While the above scenario is not likely to happen in nature, unless considering climate change, pollutants, and algae destabilizing the ecosystem, you can see this happen frequently in fish tanks and even garden ponds. If the aquarium or pond is not being properly filtered, the water is going to grow stagnant, and the fish will not be able to breathe.

Also, oxygen dissolves into the water via floating plant roots and from the surface of the water in tanks of limited size. If you have a large tank, you are going to have to install a filtration system to keep the water oxygenated.

Another possible reason for suffocation is if the fish has deformed or injured gills. If gills are not working optimally, it means that the fish is not getting enough oxygen from the water. While they may stay alive for a decent amount of time, they will not have the same energy levels as the other uninjured fish, and they will become an easy target to predators or, they will suffocate. Furthermore, there are species of fish, such as sharks, that rely on forward motion to ventilate themselves. Fish that cannot swim forward, or those that cannot swim fast enough, will suffocate.

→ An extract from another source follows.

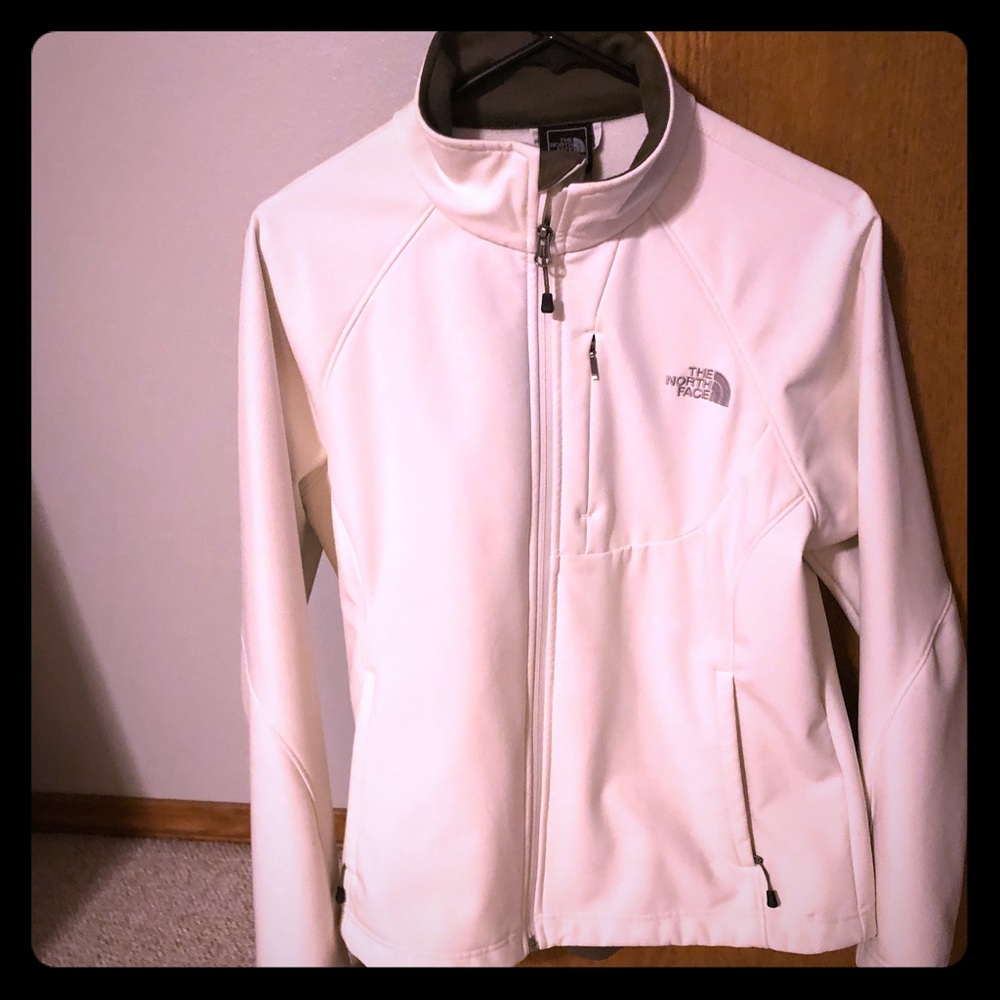 Columbia women’s large soft shell winter white L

For example, if you pull a shark backwards towards the shore, they will not be able to breathe any more and will suffocate.

Overcrowding is another reason for asphyxiation. Imagine cramming a bunch of fish into a tiny aquarium. This is similar to people jam-packed into an elevator that suddenly malfunctions. Aside fro claustrophobia kicking in, people start feeling light-headed and nauseous, because the air is rapidly getting converted into CO2. In the case of an aquarium, even in the presence of a filter, too many fish will lead to too much CO2 and not enough oxygen. The weaker fish will start to die off, because there is not enough oxygen to support the population.

Conclusion

Next time someone asks you, “Can fish drown?” you have an answer. If we are being critical about terminology, then no, fish cannot truly drown. It’s only a figure of speech. A fish out of water is like a human in it, but the way the two die is different. Keep in mind that when you say a fish drowned, you are merely likening the experience of a human drowning in water to what a fish goes through when it is out of water. In reality, when a fish runs out of oxygen, they suffocate.

If you plan on setting up an aquarium or winning a goldfish at the next fair, be sure to remember that fish need oxygen just like people. Give them plenty of air so they can breathe, and you will have fish that are happy and healthy.